THERE IS A STRIKING TREND at many of the top U.S. voice competitions: they are dominated by a bumper crop of gifted lyric baritones. It’s not unusual to sit through a week of competition semifinals—sometimes as many as sixty contestants a day—and find not one Verdi tenor, dramatic mezzo or Wagner soprano worth considering. But the American lyric baritones who can give a memorable account of Valentin’s “Avant de quitter ces lieux” or the Tanzlied from Die Tote Stadt seem in endless supply, and at the moment, they’re winning money more consistently and starting their careers much faster than singers in any other fach. “I think the scariest thing today would be to be a lyric baritone,” says artist manager and competition judge Ken Benson. “Anyone casting a Barbiere today has a ridiculous amount of choices.” 

The lyric-baritone voice is the one most closely aligned with natural speech; it depends less on a “created” sound than any other voice type, and many lyric baritones have to resist the temptation to be pushed into more dramatic roles. One theory behind the current wealth of baritones is that many of them are simply “lazy tenors” who find it easier to sing in a lower range—an idea that doesn’t stand up to close scrutiny. “When I was young, a lot of high baritones were told they were real-ly tenors,” says the distinguished American baritone Dale Duesing. “But baritones sing in a very different way from tenors.” Part of the confusion in determining who’s a real baritone and who isn’t seems to fall around the area of the voice just below the passaggio—from B-flat to C-sharp. “The lyric voices are told to take it easy and lighten up, because they won’t make it all the way to the top,” says Arthur Levy, a New York voice teacher. “But when they sing superficially on the way to the top, people say, ‘Are you sure you aren’t a tenor?’”

It’s more likely that a lot of young singers are going the lyric baritone route, rather than testing more dramatic waters, because it’s a faster way of becoming a polished singer—and a marketable one. These days, that includes looking the part, and baritones generally come in longer and leaner bodies than tenors do. “Baritones have always been the people most inclined to keep up with the visual demands of the art form,” says Benson. “They hit the gym.” 

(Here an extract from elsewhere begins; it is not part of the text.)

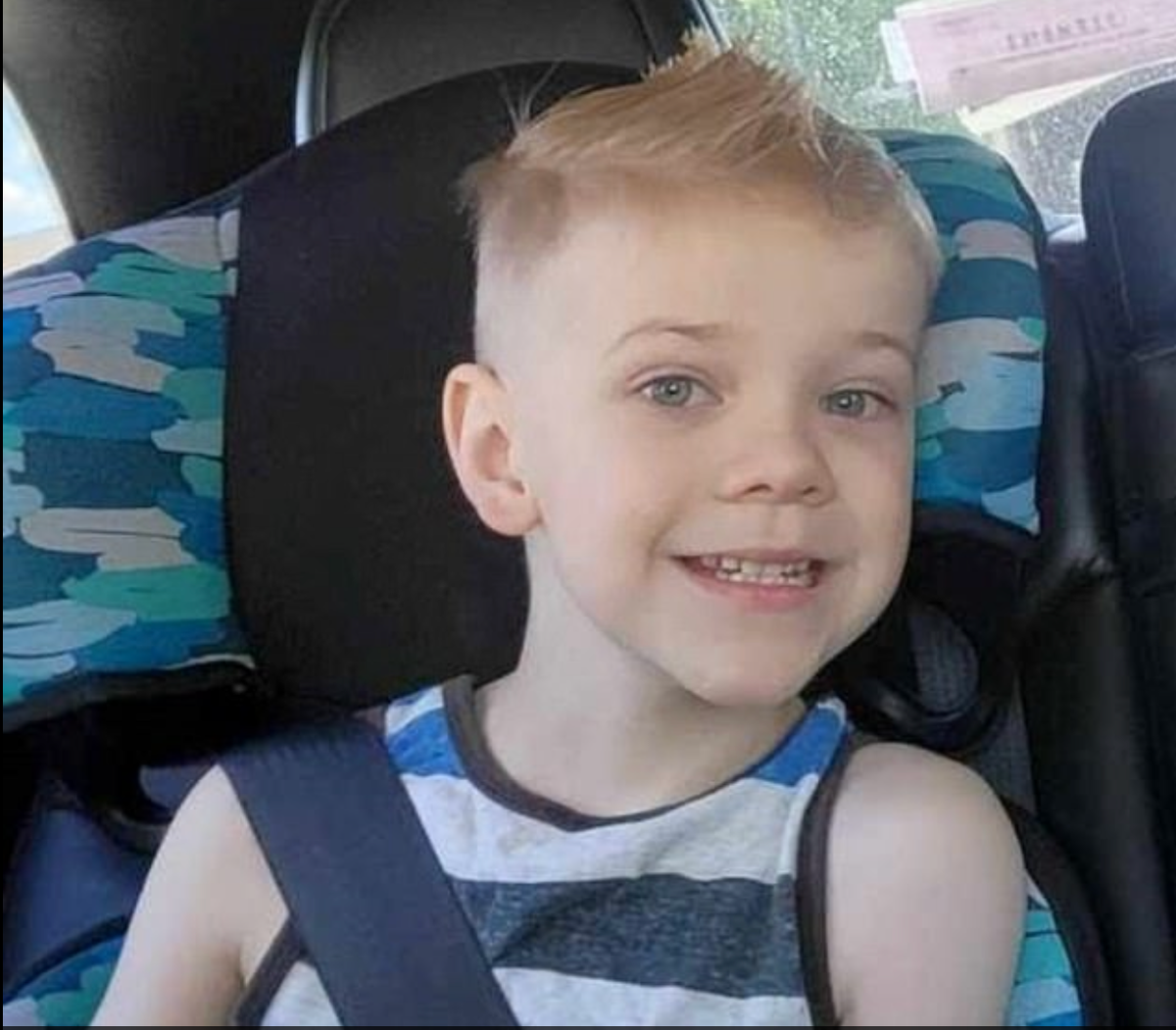 Women arrested in connection to death of missing Idaho boy Michael Vaughan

While dramatic baritones take longer to develop, a good-looking lyric baritone with a solid technique, good musicianship and some acting prowess can be working on major stages by his mid to late twenties. With economics an increasingly potent force in every aspect of the arts, a lot of young artists want to bring home a paycheck as soon as it’s feasible. “It’s very American in a way—get out of college, and get a job,” says Duesing. This mindset also fits in with today’s general push for singers to be younger—which means, among other things, that presenters can pay them less. 

Many singers may be spurred on by the fact that the lyric-baritone repertoire is relatively safe: singing Valentin probably isn’t going to do you much harm if you’re well trained, though “Avant de quitter” is nothing a light voice should attempt. (For years, it was the territory of strong-voiced singers such as Robert Merrill and Sherrill Milnes.) Even for some lyric baritones with a bit of thrust, a role such as Silvio in Pagliacci  presents a daunting stretch because of the opera’s orchestration.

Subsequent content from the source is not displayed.